Step 2.3: Defender for Endpoint
EDR on every endpoint - the foundation of visibility:
- Automated Investigation and Remediation (AIR) - automatic analysis and response to alerts
- Attack Surface Reduction (ASR) rules - blocking Office macros, credential dumping, lateral movement
- Device isolation - remote isolation of a compromised device with one click
- Threat and Vulnerability Management (TVM) - patching prioritization based on exploitability
NOTE
Defender for Endpoint is available on Windows, macOS, Linux, iOS, and Android. In OT environments you do not install it on PLCs/RTUs but on engineering workstations (Level 2-3 Purdue), which serve as intermediaries between IT and OT. This is your furthest visibility point toward OT.
Pillar 3: Network - From VPN to ZTNA
Step 3.1: Global Secure Access (ZTNA)
Microsoft Entra Private Access is the native ZTNA replacing VPN:
- No network exposure - the user gains access to a specific application, not the entire network
- Per-app Conditional Access - each internal application has its own access policy
- Private DNS - private name resolution without VPN
- Connector agent - lightweight agent on a server in the corporate network, establishing an outbound tunnel
Difference vs VPN: VPN grants access to the network (Layer 3).
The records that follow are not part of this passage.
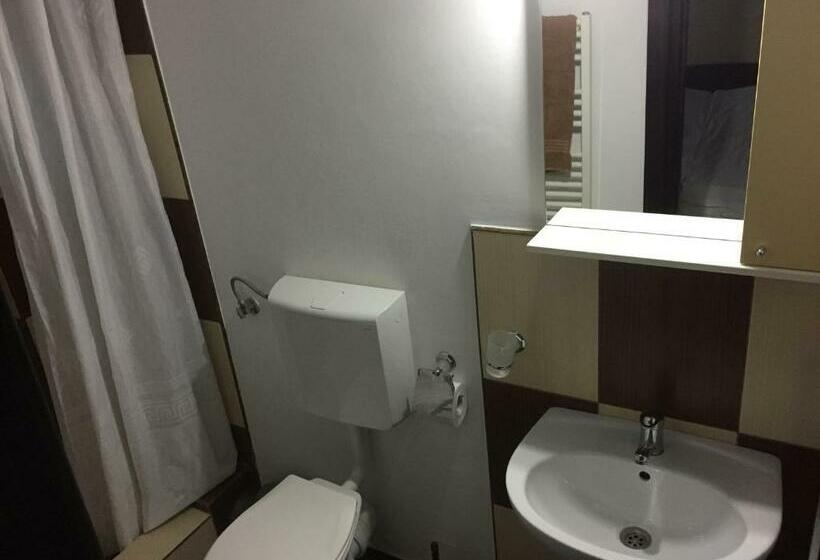 Quarto Estandar com Sacada, Vila Dg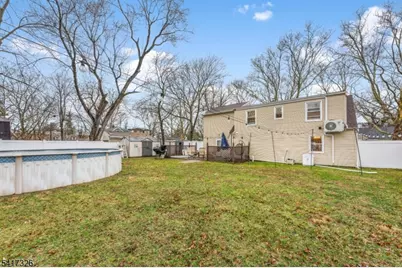 83 Village Rd, Pequannock Township, NJ 07444 - Photo 23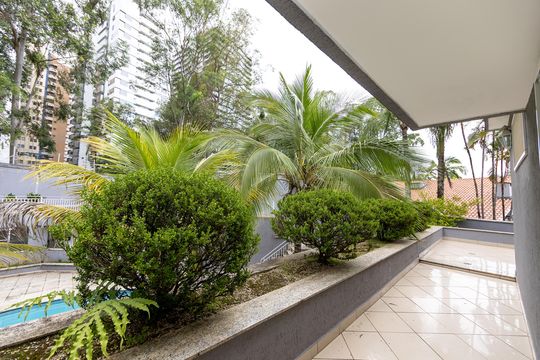 Varanda Suíte 1 de casa de condomínio à venda com 5 quartos, 682m² em Alphaville Residencial Um, Barueri
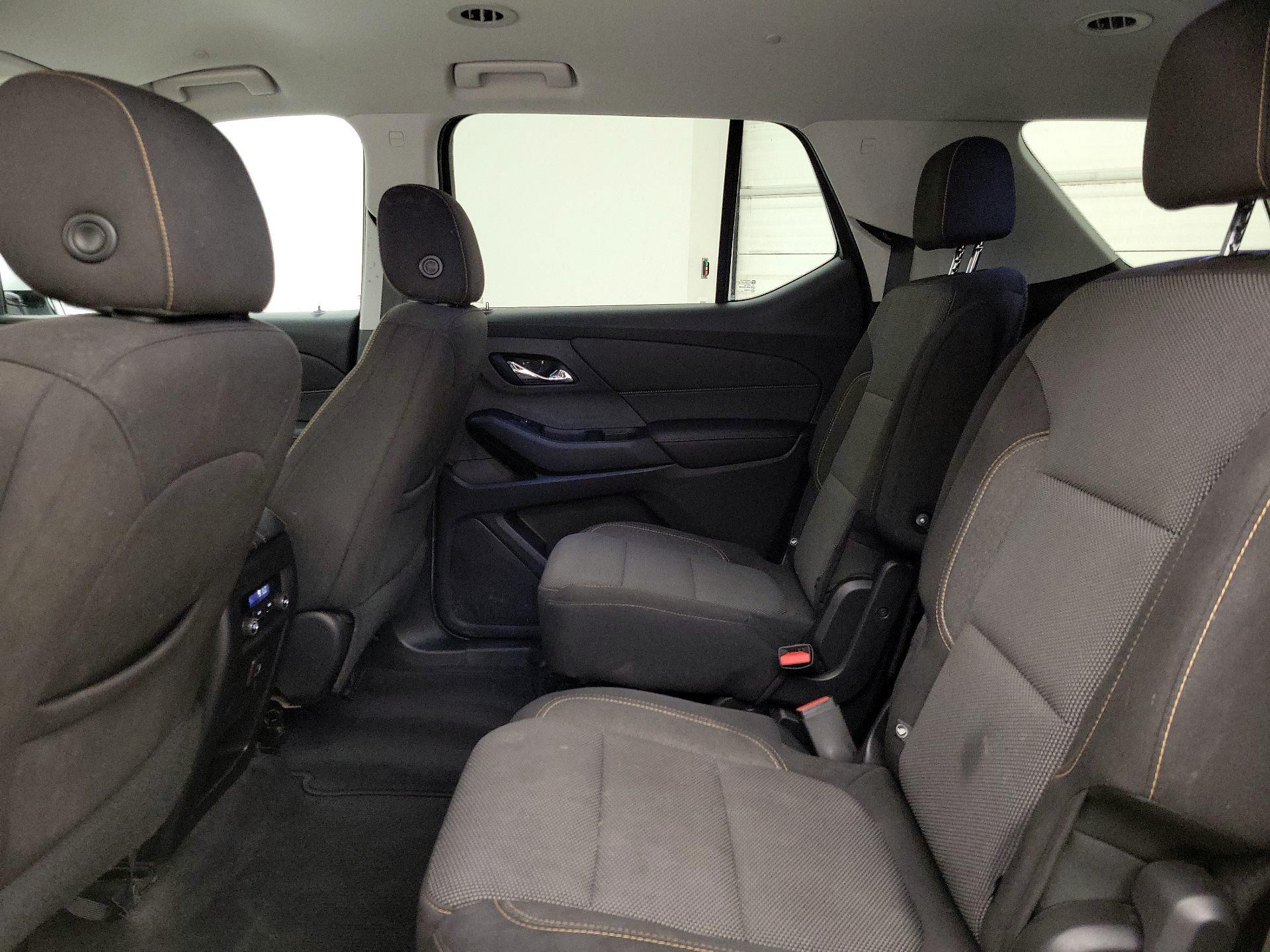 Thumbnail: 2019 Chevrolet Traverse - 19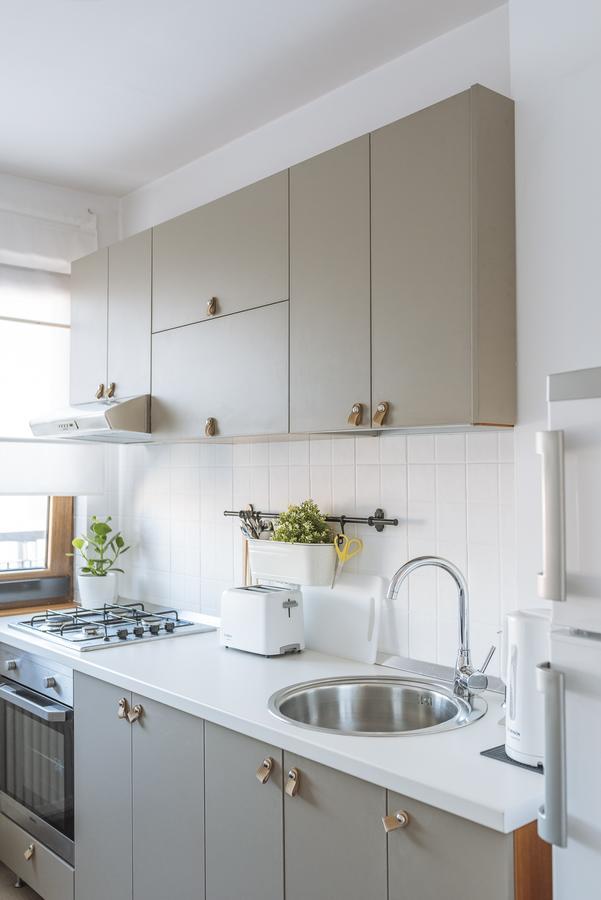 Old Town - City Center Apartment Bukares Bagian luar foto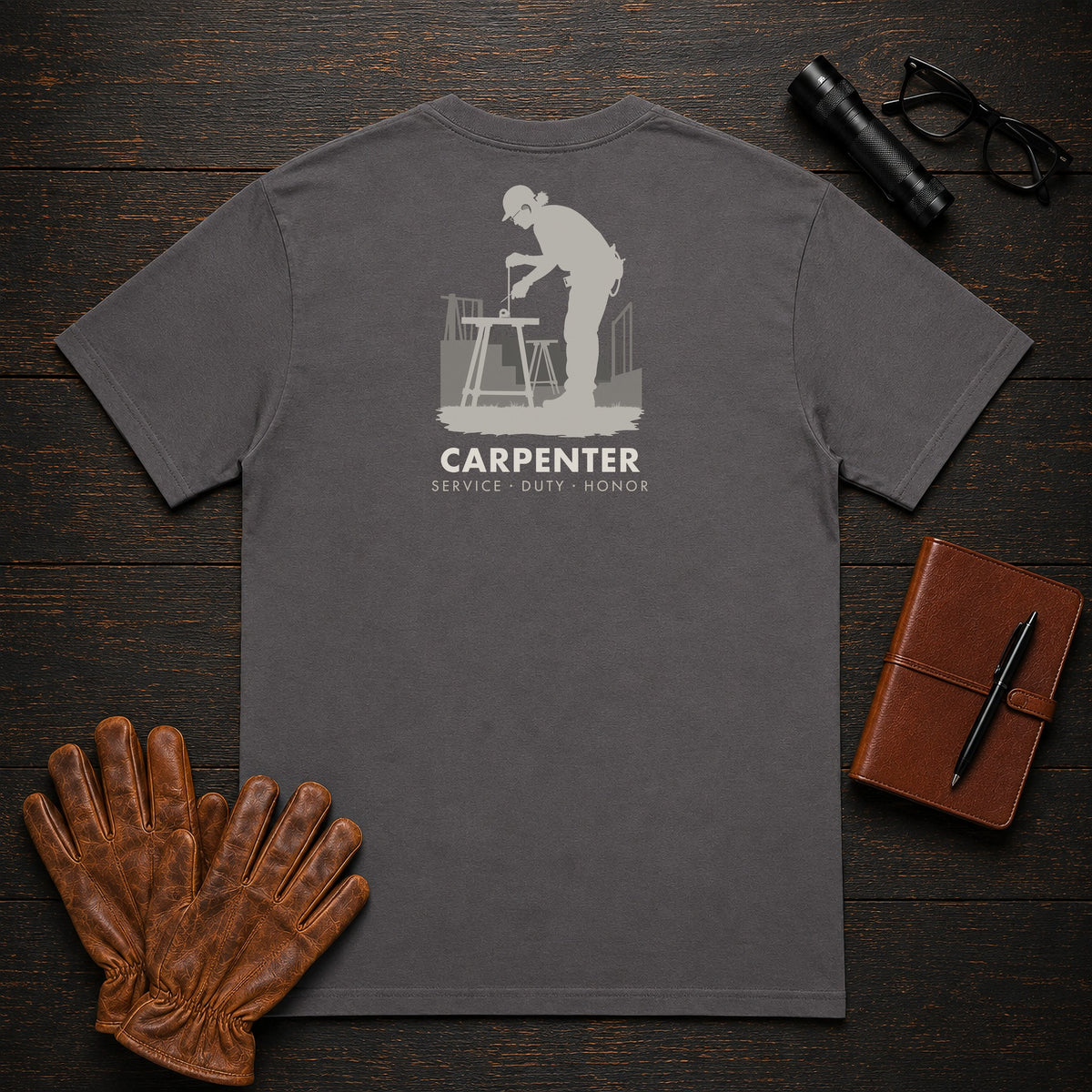 Carpenter t-shirt in Graphite, Measuring a Board (Female)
ZTNA grants access to the application (Layer 7) - an attacker who compromises an account cannot see the rest of the network.
Step 3.2: Entra Internet Access (SWG)
Secure Web Gateway filtering internet traffic:
- Web content filtering - blocking categories (malware, phishing, adult)
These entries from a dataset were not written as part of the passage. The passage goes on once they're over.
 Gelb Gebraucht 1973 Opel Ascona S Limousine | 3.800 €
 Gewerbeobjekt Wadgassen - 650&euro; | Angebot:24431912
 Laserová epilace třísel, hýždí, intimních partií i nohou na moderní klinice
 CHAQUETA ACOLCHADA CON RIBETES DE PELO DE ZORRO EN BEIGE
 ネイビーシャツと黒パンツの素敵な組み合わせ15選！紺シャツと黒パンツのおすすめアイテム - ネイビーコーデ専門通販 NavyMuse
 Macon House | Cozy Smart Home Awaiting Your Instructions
- Tenant restrictions v2 - blocking sign-ins to unapproved M365 tenants (prevents exfiltration to personal accounts)
- Source IP restoration - logs preserve the user’s original IP (not the proxy IP)
Pillar 4: Applications - Visibility and Control
Step 4.1: Defender for Cloud Apps (CASB)
Shadow IT discovery - connect proxy/firewall logs to Defender for Cloud Apps:
- Automatic discovery of SaaS applications used in the organization (typically 500-3000 unique applications)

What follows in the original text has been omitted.